Nothing says “vote for me” more than a trustworthy image. And while we all hope that it is more than just an image, politicians who appear to be trustworthy almost always have an edge in the polls. In order to build this relationship with voters, politicians must engage with them in an open, transparent and two-way dialog. And what better tool than social media? Here are five tips for politicians using social media that will make this new communication tool invaluable to any campaign.
As the politician, you should be the one using social media
While aides and PR people are great for managing many dimensions of your communications, they shouldn’t be managing the bulk of your social media presence. The reason? Social media inherently blurs the line between public and private, and exists at the fulcrum of what you want the public to see and what they will see. This might sound disconcerting to a politician who’s used to having iron-fisted control over her image, but letting go of some of the carefully scripted dialog and picture-perfect hair might just make you more real, and more vote-able, to the public.
A prime example of a politician using social media himself is Goodyear Jonathan, President of Nigeria. Johnson’s Facebook page is updated daily, by the man himself, and includes his personal thoughts on the state of the government.
Be authentic, but don’t air out all of your dirty laundry
Again, because of that grey area between public and private that social media inhabits, it can be difficult to navigate what’s “right” to post and what should remain offline. There is no easy answer, as each situation calls for a different response. But a good rule of thumb is to be yourself – insert your opinions, your personality, and some tidbits from your daily life that voters might want to know – without going overboard. Generally, avoiding overly negative comments, even those that you think might help to smear your opponents, is best on social media. You just can never tell how your followers will react.
Take a heated Twitter battle between a former Indian MP, Shashi Tharoor and the commissioner of the Indian cricket league. The remarks that Tharoor made on Twitter and the negative exchange that he had with the commissioner led to his forced resignation.
Make time for social media
Using social media as part of your campaign strategy is almost required in today’s media-saturated climate, but that doesn’t mean that it should be slotted in between your 11AM appearance on the local news and your 1PM budget meeting. Social media is an on-going commitment. It is almost better not to create a campaign blog and Twitter account if they only see a flurry activity in their first week and then go dark for the following three.
While the 2010 UK election received lots of coverage in terms of how social media was used by the candidates, what’s not covered as often is how the current Prime Minister David Cameron continues to rely on social media as a major communication tool. Number10.gov.uk is an active web portal that includes live streaming of some of the PM’s appearances ad links to the equally active government Flickr, YouTube, Facebook and Twitter accounts.
Listen, engage, participate
It cannot be said more: social media is a two-way communication tool. It is not broadcast TV, where you can carefully craft your message, put it out there, and measure success at the polls. It is social. Therefore, you have to treat it like an on-going conversation that you’re having with your followers. Read comments, respond, take what your supporters (and your dissidents) are saying on your Facebook page into account the next time you make a decision.

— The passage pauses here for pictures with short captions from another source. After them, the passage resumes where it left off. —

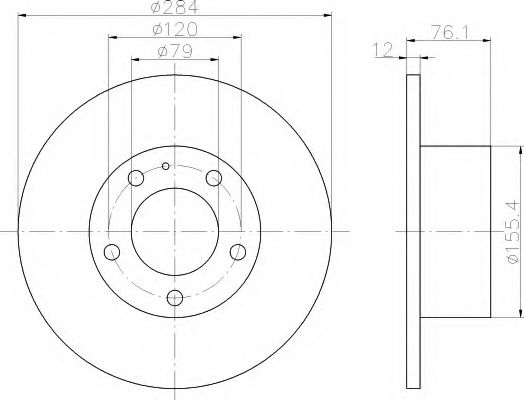 HELLA 8DD 355 100-491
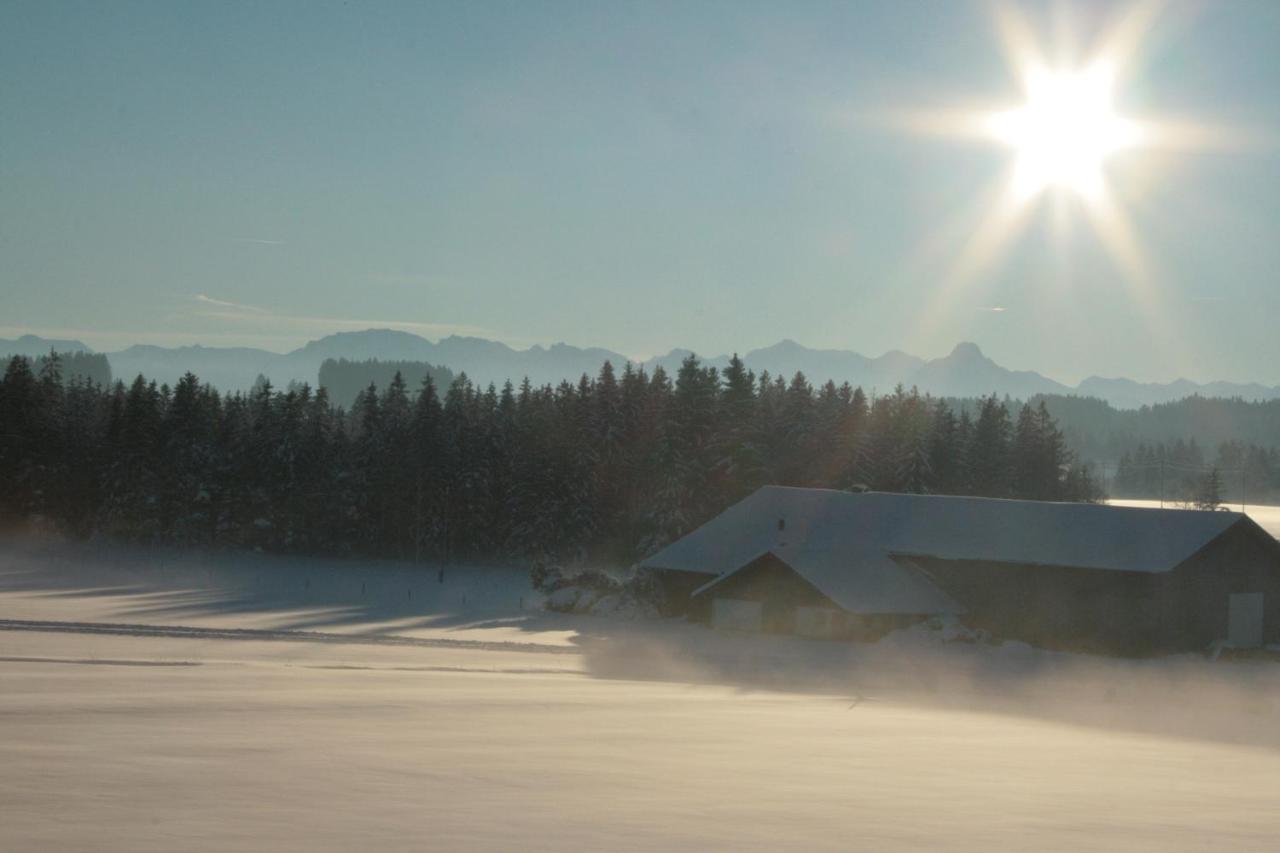 Apartmán Haus Allgaeu Ruh Görisried Exteriér fotografie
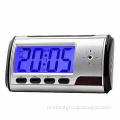 Hidden Recording Clock Camera with Motion Detection Function, 640 x 480 Pixels Resolution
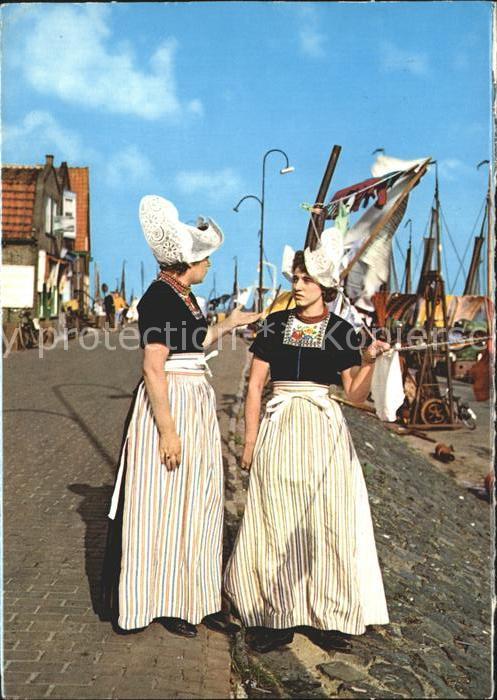 Trachten Holland Volendam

A recent study of the importance of social media to youth in particular highlights the need for politicians to be active participants. Trends show that youth in the UK are more likely to engage with politics on social media than elsewhere, and politicians should take note if they want to appeal to younger voters.
Be creative, be daring
While exploring Facebook and Twitter, you’ll likely come across even newer technology like geo-location-based services. The politicians who take a risk and experiment with these new technologies are usually those that voters remember when they head to the polls. Remember how heavily Obama used YouTube to reach out to Americans? Trying new technologies is risky, but if you have the budget and the staff, you’ll be remembered as someone who is willing to look to non-traditional methods of problem-solving.
The location-based web service Gowalla is starting a new political initiative that rewards participation at rallies, town halls and other political events. And the politicians who have signed up for this first-of-its-kind campaign tool will only be admired by their supporters as people who can adapt and grow as technology does.